| Data listing |
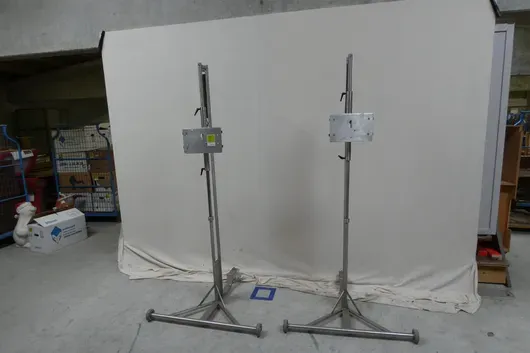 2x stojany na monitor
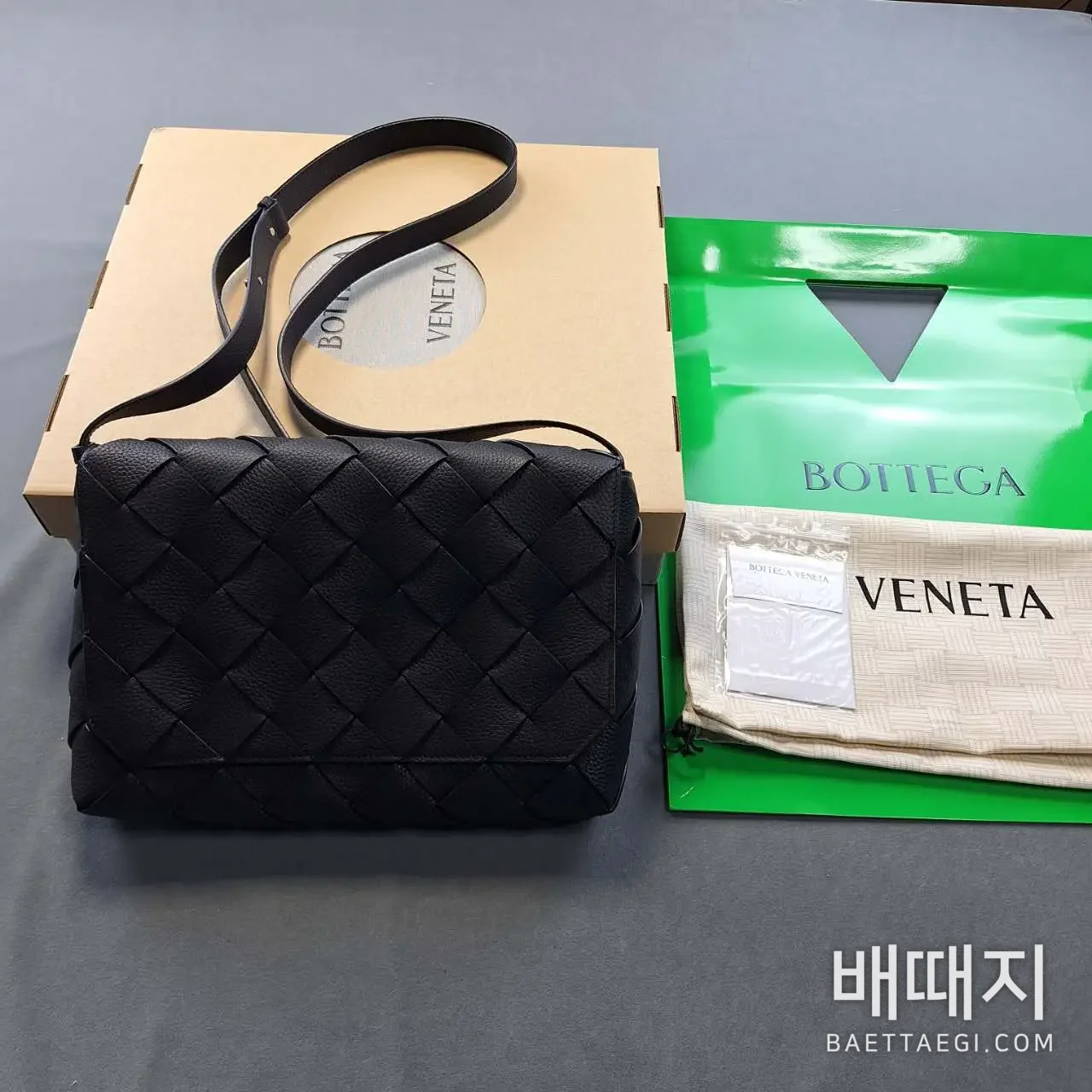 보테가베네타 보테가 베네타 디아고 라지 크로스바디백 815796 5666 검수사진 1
...
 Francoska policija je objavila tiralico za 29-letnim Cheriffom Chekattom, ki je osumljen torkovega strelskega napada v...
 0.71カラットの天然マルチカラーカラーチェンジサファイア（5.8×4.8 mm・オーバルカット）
==
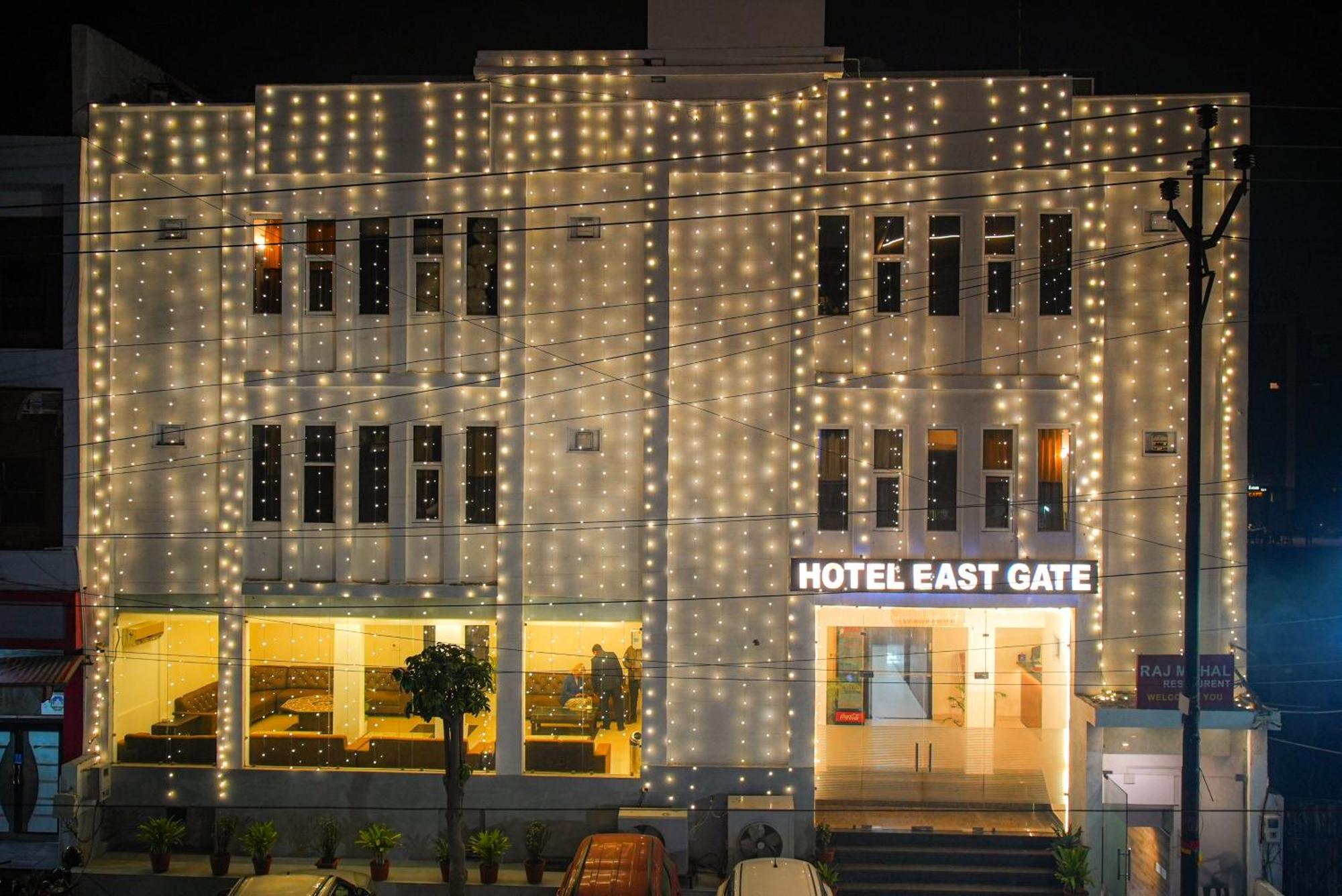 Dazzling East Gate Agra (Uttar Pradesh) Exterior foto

| About this task |
Nothing should appear in the answer except the lines above from the line with "Francoska policija je" through the line with "0.71カラットの天然マルチ", both included, written out exactly.

| Written solution |
 Francoska policija je objavila tiralico za 29-letnim Cheriffom Chekattom, ki je osumljen torkovega strelskega napada v...
 0.71カラットの天然マルチカラーカラーチェンジサファイア（5.8×4.8 mm・オーバルカット）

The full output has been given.